From the line that includes "Lucas online show from March 13, 2:51 am" down to the final line of the data below, copy every line exactly and leave the rest out.

---------- Data for this exercise ----------

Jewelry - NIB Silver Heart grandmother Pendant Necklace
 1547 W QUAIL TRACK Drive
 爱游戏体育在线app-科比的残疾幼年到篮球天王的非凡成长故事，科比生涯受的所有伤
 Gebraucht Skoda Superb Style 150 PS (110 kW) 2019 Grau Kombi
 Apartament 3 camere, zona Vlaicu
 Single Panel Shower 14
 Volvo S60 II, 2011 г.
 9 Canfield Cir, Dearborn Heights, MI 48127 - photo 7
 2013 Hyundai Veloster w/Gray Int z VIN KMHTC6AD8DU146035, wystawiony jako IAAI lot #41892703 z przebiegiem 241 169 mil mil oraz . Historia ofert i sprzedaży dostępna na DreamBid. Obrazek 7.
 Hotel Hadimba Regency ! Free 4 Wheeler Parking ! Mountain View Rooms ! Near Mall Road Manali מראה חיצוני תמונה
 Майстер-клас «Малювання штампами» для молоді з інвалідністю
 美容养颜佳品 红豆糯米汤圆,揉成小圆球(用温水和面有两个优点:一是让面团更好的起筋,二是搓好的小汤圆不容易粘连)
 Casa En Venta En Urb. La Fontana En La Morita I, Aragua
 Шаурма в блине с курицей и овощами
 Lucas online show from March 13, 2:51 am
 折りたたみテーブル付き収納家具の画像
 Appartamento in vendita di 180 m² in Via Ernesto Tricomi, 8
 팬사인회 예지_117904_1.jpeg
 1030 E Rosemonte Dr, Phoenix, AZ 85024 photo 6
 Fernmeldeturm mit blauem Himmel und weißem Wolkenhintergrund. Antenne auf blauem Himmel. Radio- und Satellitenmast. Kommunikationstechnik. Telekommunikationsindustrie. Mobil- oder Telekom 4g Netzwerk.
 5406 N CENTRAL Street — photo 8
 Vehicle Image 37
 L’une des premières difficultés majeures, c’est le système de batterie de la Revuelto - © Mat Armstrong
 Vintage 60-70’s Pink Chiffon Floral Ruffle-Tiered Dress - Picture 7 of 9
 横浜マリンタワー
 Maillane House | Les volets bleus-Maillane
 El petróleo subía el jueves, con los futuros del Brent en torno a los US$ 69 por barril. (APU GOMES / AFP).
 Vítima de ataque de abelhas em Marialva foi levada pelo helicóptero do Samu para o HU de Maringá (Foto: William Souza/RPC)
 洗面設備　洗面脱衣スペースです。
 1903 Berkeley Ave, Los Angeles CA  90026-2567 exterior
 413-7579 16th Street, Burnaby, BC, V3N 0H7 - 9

----------

Answer box:
 Lucas online show from March 13, 2:51 am
 折りたたみテーブル付き収納家具の画像
 Appartamento in vendita di 180 m² in Via Ernesto Tricomi, 8
 팬사인회 예지_117904_1.jpeg
 1030 E Rosemonte Dr, Phoenix, AZ 85024 photo 6
 Fernmeldeturm mit blauem Himmel und weißem Wolkenhintergrund. Antenne auf blauem Himmel. Radio- und Satellitenmast. Kommunikationstechnik. Telekommunikationsindustrie. Mobil- oder Telekom 4g Netzwerk.
 5406 N CENTRAL Street — photo 8
 Vehicle Image 37
 L’une des premières difficultés majeures, c’est le système de batterie de la Revuelto - © Mat Armstrong
 Vintage 60-70’s Pink Chiffon Floral Ruffle-Tiered Dress - Picture 7 of 9
 横浜マリンタワー
 Maillane House | Les volets bleus-Maillane
 El petróleo subía el jueves, con los futuros del Brent en torno a los US$ 69 por barril. (APU GOMES / AFP).
 Vítima de ataque de abelhas em Marialva foi levada pelo helicóptero do Samu para o HU de Maringá (Foto: William Souza/RPC)
 洗面設備　洗面脱衣スペースです。
 1903 Berkeley Ave, Los Angeles CA  90026-2567 exterior
 413-7579 16th Street, Burnaby, BC, V3N 0H7 - 9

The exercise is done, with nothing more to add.